GIVEN DATA »
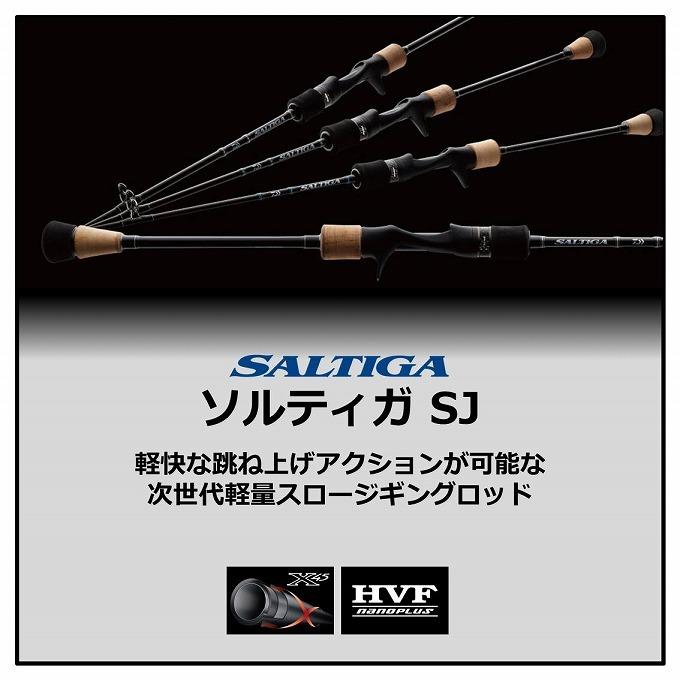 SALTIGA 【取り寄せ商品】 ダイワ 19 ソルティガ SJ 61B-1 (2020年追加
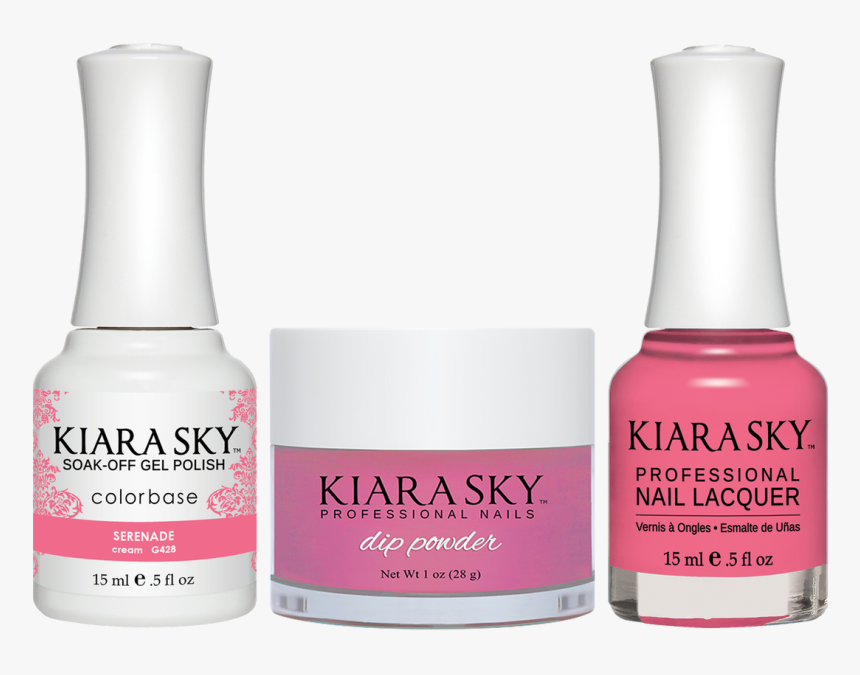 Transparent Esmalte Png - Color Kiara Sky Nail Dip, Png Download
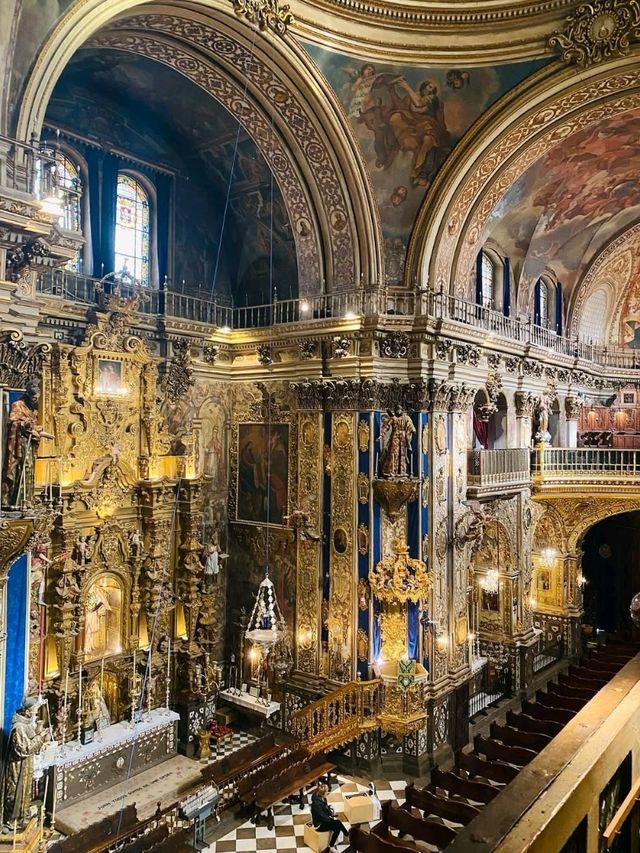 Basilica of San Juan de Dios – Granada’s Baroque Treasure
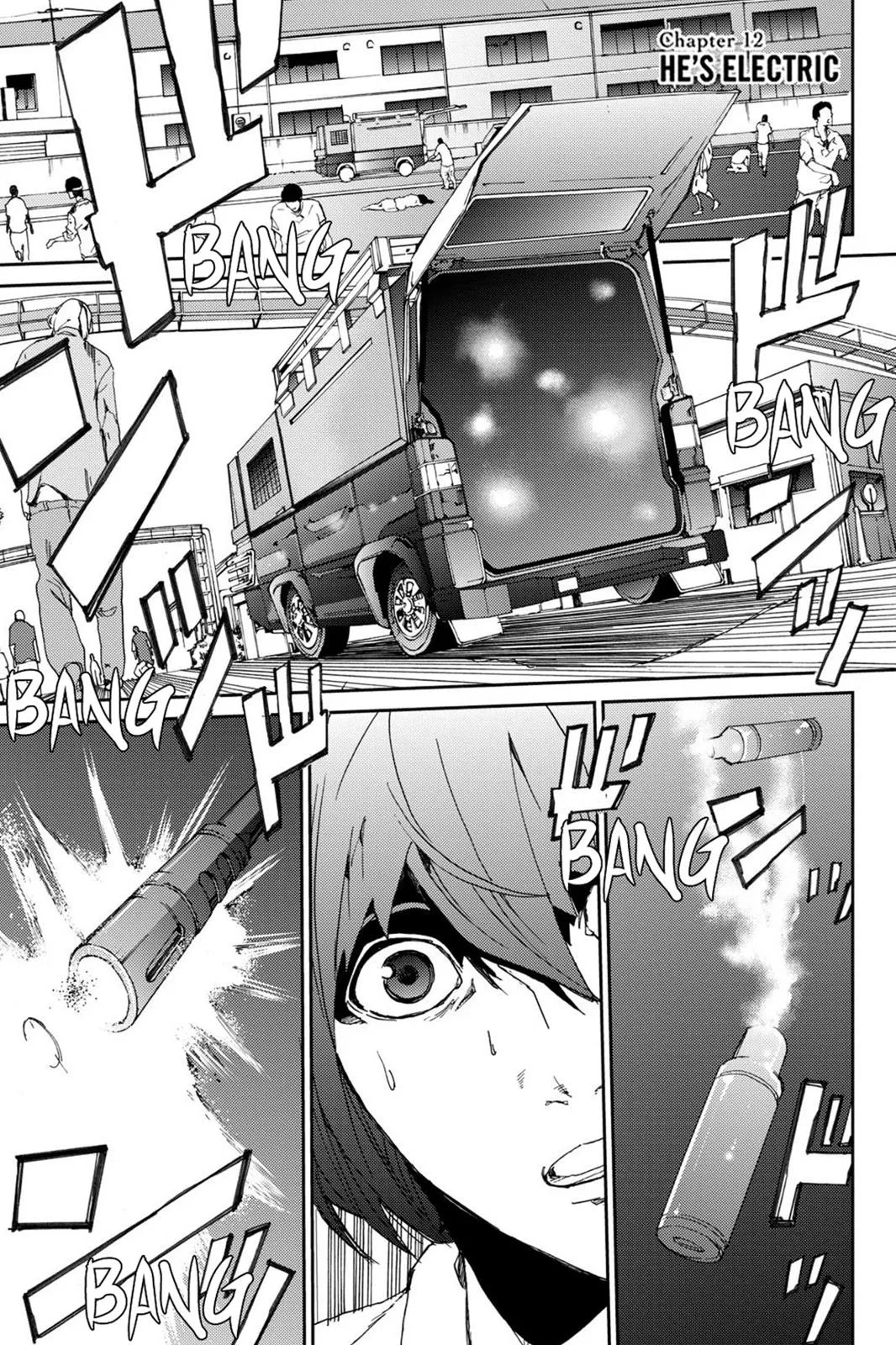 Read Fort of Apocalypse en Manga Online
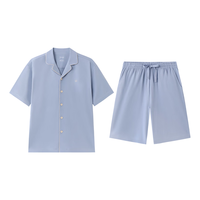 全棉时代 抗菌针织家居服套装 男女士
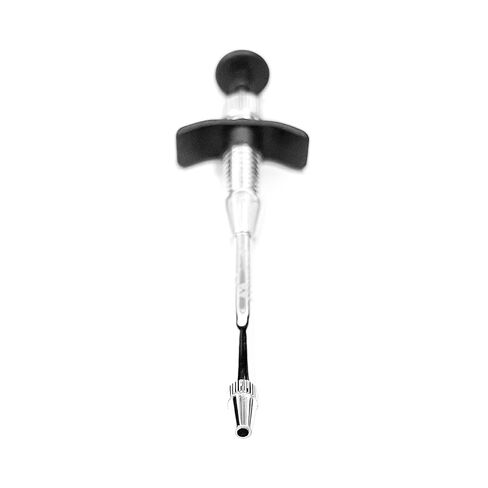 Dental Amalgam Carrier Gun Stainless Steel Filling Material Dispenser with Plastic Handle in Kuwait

* * *

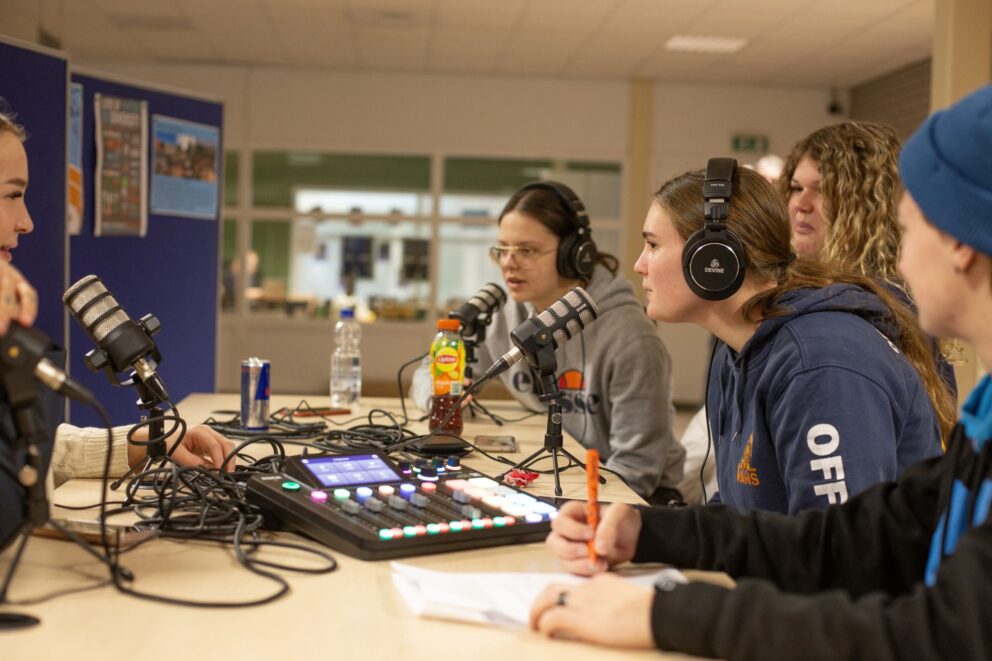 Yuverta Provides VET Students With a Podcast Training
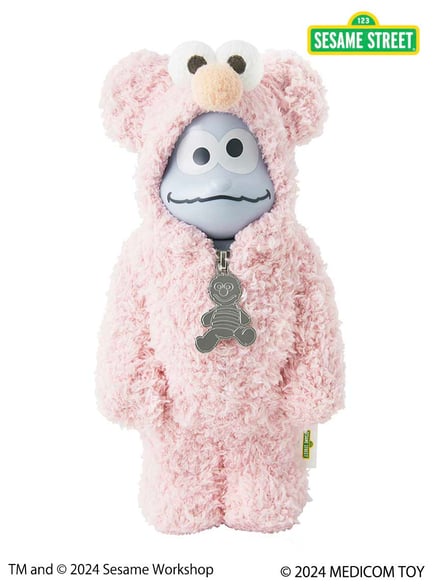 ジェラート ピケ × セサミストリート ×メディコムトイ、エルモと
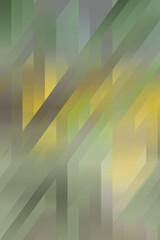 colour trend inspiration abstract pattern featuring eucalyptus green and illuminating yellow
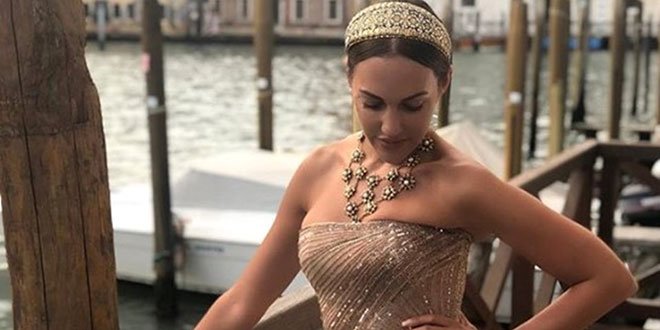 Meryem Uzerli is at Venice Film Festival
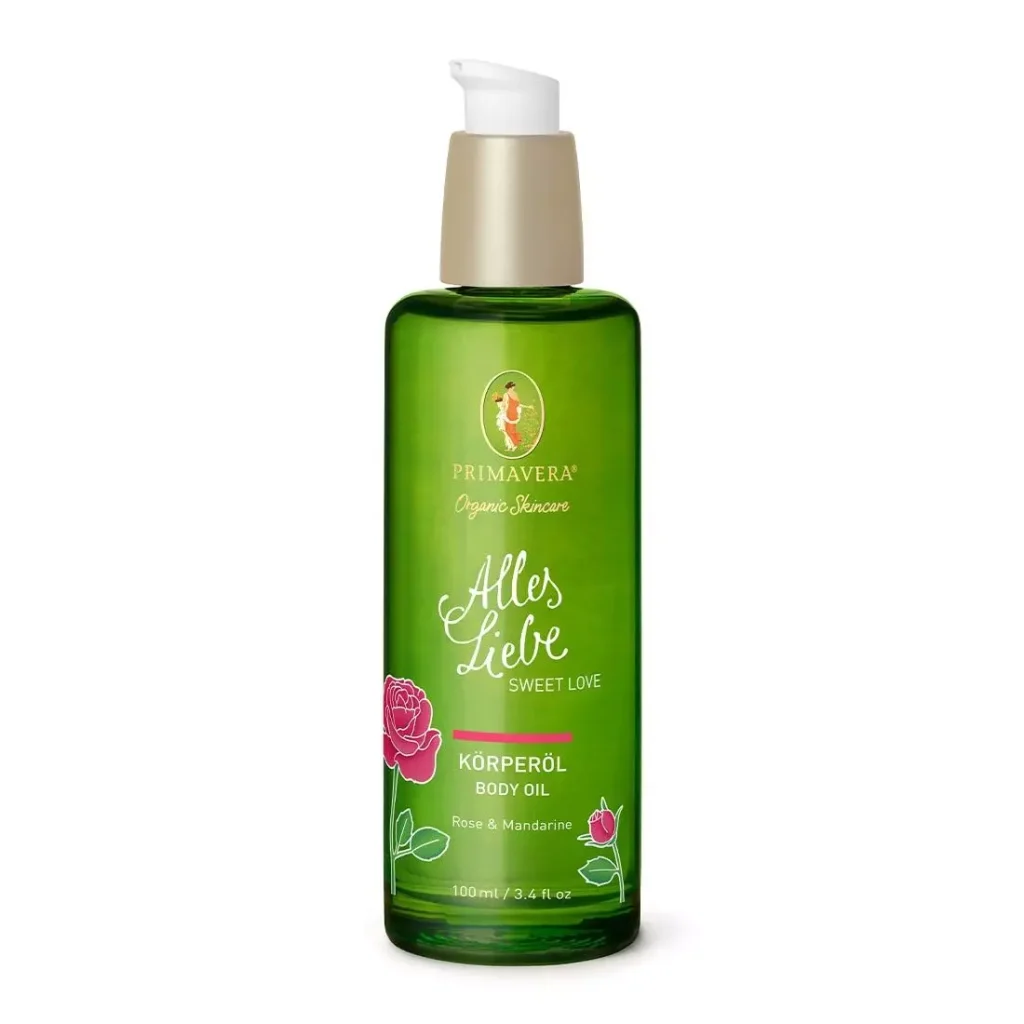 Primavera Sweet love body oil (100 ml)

HOW TO COMPLETE THIS TASK » Given the listing above, repeat exactly the lines starting at the one with "colour trend inspiration" and ending at the one with "Primavera Sweet love body oil (100 ml)", inclusive, excluding pictures.

TASK OUTPUT »
 colour trend inspiration abstract pattern featuring eucalyptus green and illuminating yellow
 Meryem Uzerli is at Venice Film Festival
 Primavera Sweet love body oil (100 ml)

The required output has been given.